Pressure and Friction Melt Ice
For over a century, scientists believed ice was slippery because pressure from skates, sleds, or feet caused the ice to melt. This melting created a thin layer of water that allowed for smooth gliding.
In the 1850s, scientist James Thomson discovered that under high pressure, ice melts and turns back into water. This is because solid ice is less dense than liquid water. When you squeeze ice, it becomes unstable and melts.
So it was believed that the pressure from a skate blade on ice caused melting that reduced friction for gliding. However, studies have shown that typical pressures from skating or walking do not cause nearly enough melting to explain the slipperiness.

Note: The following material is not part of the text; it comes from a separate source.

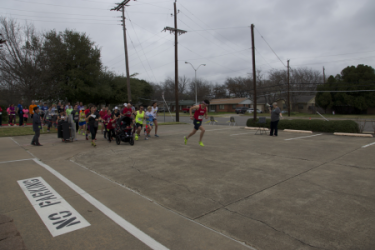 images.raceentry.com/infopages2/heart-and-soul-5k-and-one-mile-fun-run-infopages2-6742.png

Frictional Heating Melts a Surface Layer
In the 1930s, scientists proposed that simply rubbing two surfaces together generates friction that melts the ice surface, similar to warming your hands by rubbing them together. This frictional heating concept better explained the liquid layer allowing ice to be slippery.
But friction still did not account for slipperiness when standing still on ice. So other theories emerged.
A Quasi-Liquid Layer Forms on the Surface
More recently, the dominant explanation involves a “quasi-liquid” layer that exists on the ice surface even below freezing temperature. This means the surface layer exhibits properties between solid ice and liquid water, while not being fully either.
Water Molecules Are Less Ordered at the Surface
At the molecular level, water molecules at the ice surface experience fewer bonds with other water molecules compared to those within the ice. This makes the surface layer more disordered and mobile like a liquid.
So even well below freezing, the top layer of molecules provides a slick surface on which objects can slide with little resistance or friction. This liquid-like layer has been verified down to just 1-94 nanometers thick through advanced imaging techniques.
Combination of Factors
The slipperiness of ice likely involves a combination of pressure melting, frictional heating, and the quasi-liquid surface layer. Depending on factors like temperature and speed, these mechanisms work together to create a uniquely smooth and slippery surface.
So next time you glide effortlessly across the ice, you’ll know it’s thanks to the complex molecular behavior of frozen water. The science behind skating, sledding, and slipping on ice involves decades of research on this common but deceptively complex material.